(Problem to work on): Please print, exactly as written, the line containing "Button przypinka handmade" and each line after it through the end of the material; pictures stay out.

(Information provided):
• • • • • • •
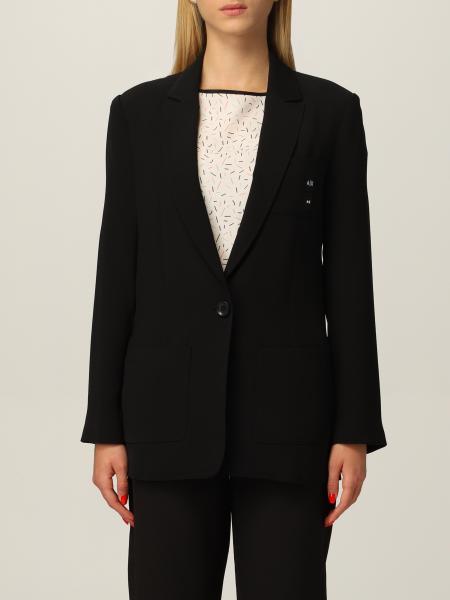 Armani Exchange blazer in crepe with embroidery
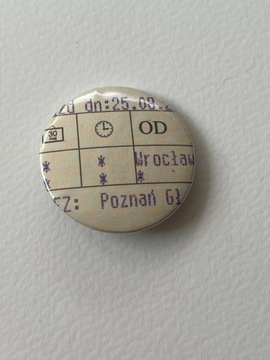 Button przypinka handmade bilet kolejowy unikat 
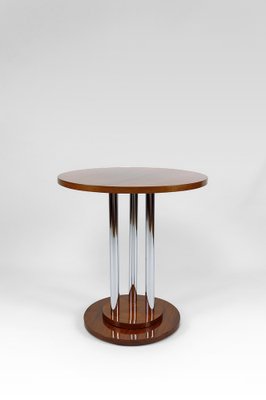 Modern Art Deco Pedestal Table in Walnut and Chrome, 1930-XNH-1804565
• • • • • • •
(Reply to the exercise):
 Button przypinka handmade bilet kolejowy unikat 
 Modern Art Deco Pedestal Table in Walnut and Chrome, 1930-XNH-1804565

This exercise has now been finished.